Wait For Labeled Data or Not? This is the Question

Original Source Here

Wait For Labeled Data or Not? This is the Question

Human key-points estimation is a natural way to represent humans in the digital visual domain and is one of the fundamental tasks in computer vision. It has a wide variety of computer vision applications such as action recognition, pose estimation, animation, tracking, etc. However, it poses a significant engineering challenge due to the possible variations in occlusion, scale, illumination, scene type, and more.

Human Key-points Marking Example

Developing a supervised human pose estimation model on your own dataset and for your own needs requires both relatively massive data collection and cumbersome annotation work, the main trade-off is the amount of annotated data vs cost and time-to-market. At this point, you have two basic options: either wait for a large amount of data which leads to a long development cycle, only after which you can find mistakes, or improve your models iteratively and with more techniques, leaving you more prone to overfit and that will have to be addressed as well. We chose the second option.

A short glimpse of model results

In this post, I’ll share the main topics that helped us to tackle those challenges, from data and algorithmic aspects. I’ll review the topics, in the same order that we developed the model, starting from the problem statement and progressing through Algorithmic improvements.

  • Problem Statement
  • Evaluation Metrics
  • Architecture
  • Data Collection
  • Algorithmic Improvements

Problem Statement

Before we continue, let me tell you about Nanit a bit. Our products and services create a support system for parents, getting them closer to their child’s development than ever before. As part of the support system for parents, Nanit provides height measurement via the Smart-Sheets product and a better understanding of a child’s physical developmental milestones.

We at Nanit found the previously mentioned skeleton model very useful for our case as well, and decided to set the following goals

  1. Develop a skeleton model for the height measurement problem
  2. Develop a skeleton model for Nanit’s diversely distributed data to serve multiple purposes

Evaluation Metrics

Quick time to market is a critical aspect of any company’s success, and finding a short development path to a quality product helps Nanit to achieve its company goals. But how does one define the quality of a product?
Defining evaluation metrics from the beginning helps one stay focused and verify that each step leads us towards the project goals. With the project goals in the back of our mind, we asked ourselves how we can evaluate our progress during the project, from the user side, and how to “translate” it to the skeleton model. That led us to use the following evaluation metric.

Height Error

This metric is testing the end usage of the skeleton model in height measurement. The height measurement algorithm is derived from a set of human key-points. We aimed to test the user experience and accuracy of height measurement using our skeleton model, by checking the height accuracy by standard metrics on a dedicated test-set.


After we’ve defined the user metric we can go one step further and define the skeleton model evaluation metric. The challenge is to find a model metric with a high correlation to the user experience. Finding such a metric means that better model evaluation will lead to a better user experience.

The PCKh metric evaluates the performance of the skeleton model itself.

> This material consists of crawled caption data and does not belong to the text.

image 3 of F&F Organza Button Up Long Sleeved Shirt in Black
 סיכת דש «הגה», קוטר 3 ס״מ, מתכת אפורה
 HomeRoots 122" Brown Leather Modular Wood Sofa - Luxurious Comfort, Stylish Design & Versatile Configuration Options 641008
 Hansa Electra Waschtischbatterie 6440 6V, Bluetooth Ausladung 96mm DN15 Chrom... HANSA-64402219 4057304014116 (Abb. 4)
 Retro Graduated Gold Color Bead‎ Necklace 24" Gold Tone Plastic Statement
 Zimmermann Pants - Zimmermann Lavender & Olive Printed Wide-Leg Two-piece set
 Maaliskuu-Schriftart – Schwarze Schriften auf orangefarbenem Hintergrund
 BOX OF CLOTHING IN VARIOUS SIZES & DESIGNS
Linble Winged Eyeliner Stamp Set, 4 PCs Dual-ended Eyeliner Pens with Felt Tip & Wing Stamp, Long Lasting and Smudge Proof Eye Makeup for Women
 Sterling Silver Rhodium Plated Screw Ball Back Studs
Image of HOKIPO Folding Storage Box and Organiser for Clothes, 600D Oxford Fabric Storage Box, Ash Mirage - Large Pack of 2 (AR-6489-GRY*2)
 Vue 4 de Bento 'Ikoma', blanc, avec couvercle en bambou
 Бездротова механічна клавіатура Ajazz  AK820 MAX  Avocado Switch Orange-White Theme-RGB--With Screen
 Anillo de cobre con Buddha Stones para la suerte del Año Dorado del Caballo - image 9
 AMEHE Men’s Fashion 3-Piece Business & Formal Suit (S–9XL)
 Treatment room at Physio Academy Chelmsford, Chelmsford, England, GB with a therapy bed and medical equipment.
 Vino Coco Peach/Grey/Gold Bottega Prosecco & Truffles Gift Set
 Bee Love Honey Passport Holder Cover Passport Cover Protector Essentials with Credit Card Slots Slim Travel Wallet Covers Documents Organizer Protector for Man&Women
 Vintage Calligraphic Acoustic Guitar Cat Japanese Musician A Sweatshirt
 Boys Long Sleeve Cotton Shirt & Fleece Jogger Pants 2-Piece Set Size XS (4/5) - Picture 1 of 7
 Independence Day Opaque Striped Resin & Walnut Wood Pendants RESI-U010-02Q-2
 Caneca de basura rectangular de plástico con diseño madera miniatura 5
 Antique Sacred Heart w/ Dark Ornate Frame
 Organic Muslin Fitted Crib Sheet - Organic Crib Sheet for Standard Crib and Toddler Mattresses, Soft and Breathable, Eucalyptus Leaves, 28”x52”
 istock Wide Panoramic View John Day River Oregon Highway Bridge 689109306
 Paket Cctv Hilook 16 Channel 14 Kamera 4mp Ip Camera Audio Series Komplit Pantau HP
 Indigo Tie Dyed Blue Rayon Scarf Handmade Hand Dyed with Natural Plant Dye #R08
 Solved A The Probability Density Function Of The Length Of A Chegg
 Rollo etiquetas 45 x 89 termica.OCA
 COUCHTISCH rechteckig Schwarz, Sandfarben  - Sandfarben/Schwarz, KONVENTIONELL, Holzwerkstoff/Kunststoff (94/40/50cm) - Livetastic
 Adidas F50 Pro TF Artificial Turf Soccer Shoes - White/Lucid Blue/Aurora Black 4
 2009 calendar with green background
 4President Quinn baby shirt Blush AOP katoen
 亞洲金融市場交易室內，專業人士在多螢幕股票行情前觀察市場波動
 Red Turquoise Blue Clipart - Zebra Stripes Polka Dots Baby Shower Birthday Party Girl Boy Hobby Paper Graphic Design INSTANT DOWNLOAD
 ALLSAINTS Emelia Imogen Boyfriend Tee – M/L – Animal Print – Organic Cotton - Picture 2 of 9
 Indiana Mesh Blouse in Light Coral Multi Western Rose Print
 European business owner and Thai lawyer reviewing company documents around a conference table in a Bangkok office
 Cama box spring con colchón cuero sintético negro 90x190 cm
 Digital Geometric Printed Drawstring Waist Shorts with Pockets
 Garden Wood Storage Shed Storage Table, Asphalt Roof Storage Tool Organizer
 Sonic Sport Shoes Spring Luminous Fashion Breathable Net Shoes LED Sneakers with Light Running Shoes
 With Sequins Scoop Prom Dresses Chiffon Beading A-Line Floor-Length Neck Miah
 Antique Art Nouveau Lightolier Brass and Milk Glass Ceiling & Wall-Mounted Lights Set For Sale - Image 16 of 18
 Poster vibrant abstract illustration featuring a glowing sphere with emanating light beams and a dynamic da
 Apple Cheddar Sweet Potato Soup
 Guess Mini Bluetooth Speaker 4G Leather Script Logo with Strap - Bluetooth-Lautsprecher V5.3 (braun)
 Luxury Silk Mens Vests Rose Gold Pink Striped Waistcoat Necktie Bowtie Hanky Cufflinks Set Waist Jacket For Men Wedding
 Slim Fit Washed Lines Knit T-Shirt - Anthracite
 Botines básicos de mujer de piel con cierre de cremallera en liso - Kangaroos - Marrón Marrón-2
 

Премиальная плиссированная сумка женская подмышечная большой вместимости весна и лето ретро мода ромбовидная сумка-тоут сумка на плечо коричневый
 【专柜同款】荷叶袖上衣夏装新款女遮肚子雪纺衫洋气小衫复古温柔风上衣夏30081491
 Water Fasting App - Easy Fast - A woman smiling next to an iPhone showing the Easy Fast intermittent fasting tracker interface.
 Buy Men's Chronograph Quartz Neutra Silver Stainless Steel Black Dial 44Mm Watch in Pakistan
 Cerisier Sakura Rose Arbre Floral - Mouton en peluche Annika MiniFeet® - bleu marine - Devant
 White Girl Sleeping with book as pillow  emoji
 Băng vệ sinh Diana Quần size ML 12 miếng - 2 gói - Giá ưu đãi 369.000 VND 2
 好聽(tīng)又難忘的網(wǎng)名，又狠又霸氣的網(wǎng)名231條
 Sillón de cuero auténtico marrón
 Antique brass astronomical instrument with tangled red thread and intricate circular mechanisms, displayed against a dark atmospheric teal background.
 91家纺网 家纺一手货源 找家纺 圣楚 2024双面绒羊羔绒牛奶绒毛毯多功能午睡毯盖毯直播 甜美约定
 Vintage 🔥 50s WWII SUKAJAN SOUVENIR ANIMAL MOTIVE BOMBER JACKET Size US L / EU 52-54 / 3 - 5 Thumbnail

PCKh, is a head-normalized version of Percent Correct Key-points, as defined in the MPII dataset (One of the common datasets for human pose estimation). A joint is correct if it’s within a radius of αᐧl pixels from the GT location. ‘α’ is a constant e.g PCKh@0.1 (α=0.1), ‘l’ is relative to the head bounding box.

It is worth noting, that OKS (Object Key-Point Similarity) is commonly used in the COCO key point dataset. However we decided not to use it, instead, we followed the MPII metric and used PCKh@0.1 for skeleton model evaluation. We chose to set α=0.1 because height measurement is more sensitive to key-point localization.


First, we searched for architectures with good performance that were trained and evaluated on leading datasets such as MPII and COCO. Our case requires accurate localization, therefore we looked for an architecture that maintains the high-resolution information (See diagram below) necessary to achieve this.

We chose HRNet, a leading top-down Human Pose Estimation architecture (checkout PapersWithCode) based on heat-map regression. Top-down architecture means first localizing the human and then estimating the joint’s locations.

HRNet Architecture

The loss function of this model is a Mean Square Error between the predicted heat-map and the GT heat-map, for visible joints only. The GT heat-map is a gaussian distribution around the joint’s GT location.

For our height measurement task, we chose to start with a pre-trained HRNet model based on MPII due to the high overlap of joints between our task and the MPII dataset. To use the skeleton model at Nanit’s height measurement, we needed to add additional joints. In practical terms, this means adding more heat-maps as output channels to the model. We found that initializing those new joints from the nearest joints in the pre-trained model worked best.

We also noticed that in typical human-centric images people usually have their heads up πŸ™‚ We took advantage of the top-down approach to maintain the head position in the upper part of the image during the model training we added a pre-processing phase that rotated the image to keep the heads in the upper part of the image.

Data Collection

Skeleton annotations is a long and demanding task, it is challenging to scale and develop a robust model within a short time-to-market, within cost constraints, and with a limited amount of data. Data annotation is the pain point in all data-driven projects. Therefore, data management should be done carefully and alongside a verification process that ensures one is going on the right path towards one’s goals.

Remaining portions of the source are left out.